**PROBLEM TO WORK ON:**
Would you reproduce the whole listing exactly, minus its images?

**GIVEN MATERIAL:**
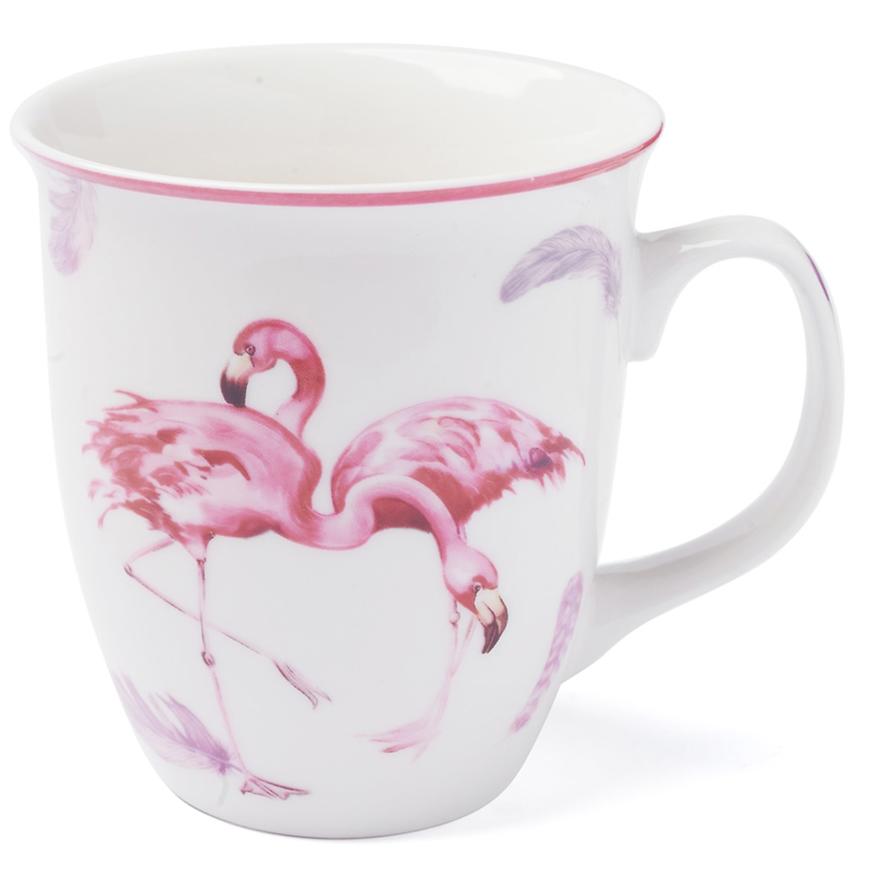 Levně Porcelánový hrníček Flamingo 550ml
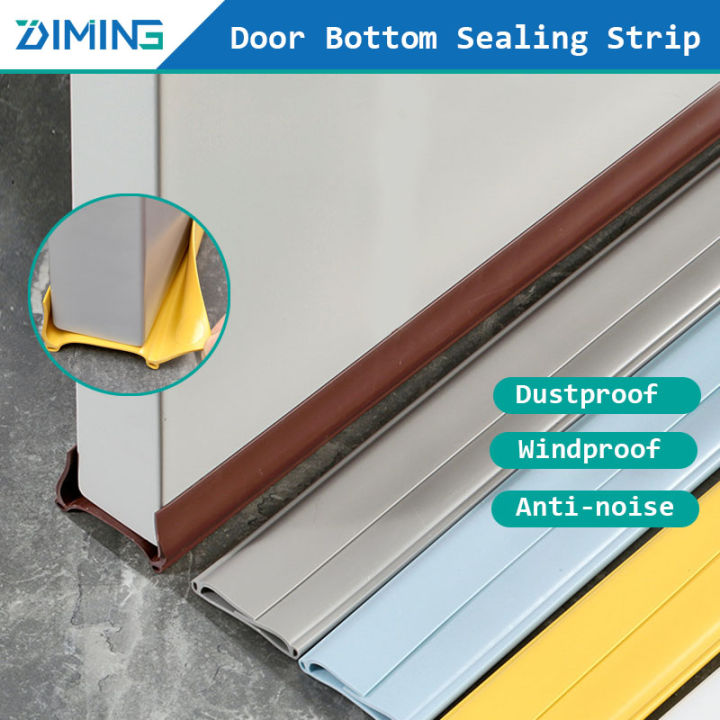 95CM Long Flexible Door Bottom Sealing Twin Draft Dodger Guard Silicone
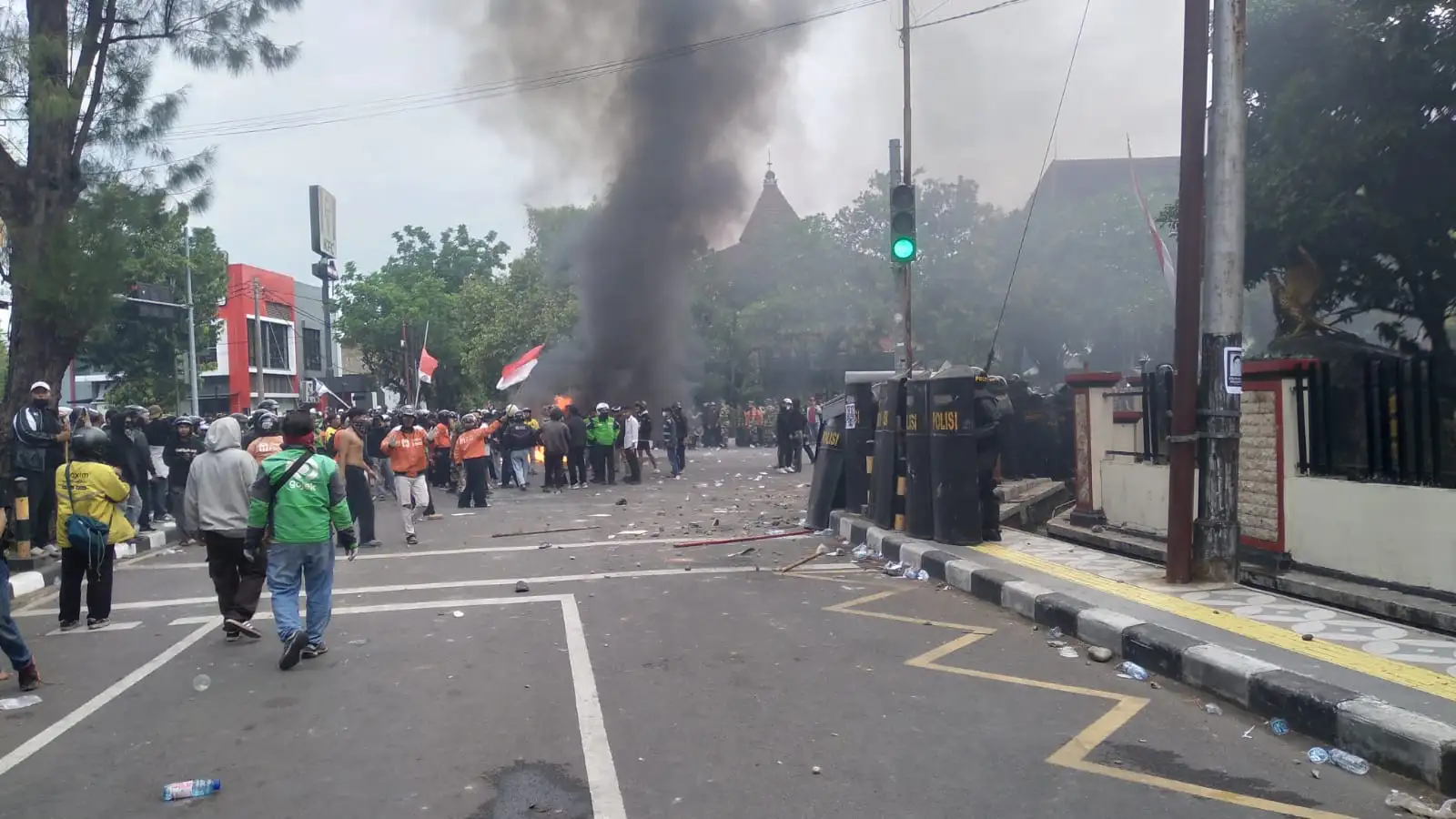 Di Depan Pendemo, Kapolresta Solo Janji Sampaikan Aspirasi Driver Ojol ke Polri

**ANSWER BELOW:**
 Levně Porcelánový hrníček Flamingo 550ml
 95CM Long Flexible Door Bottom Sealing Twin Draft Dodger Guard Silicone
 Di Depan Pendemo, Kapolresta Solo Janji Sampaikan Aspirasi Driver Ojol ke Polri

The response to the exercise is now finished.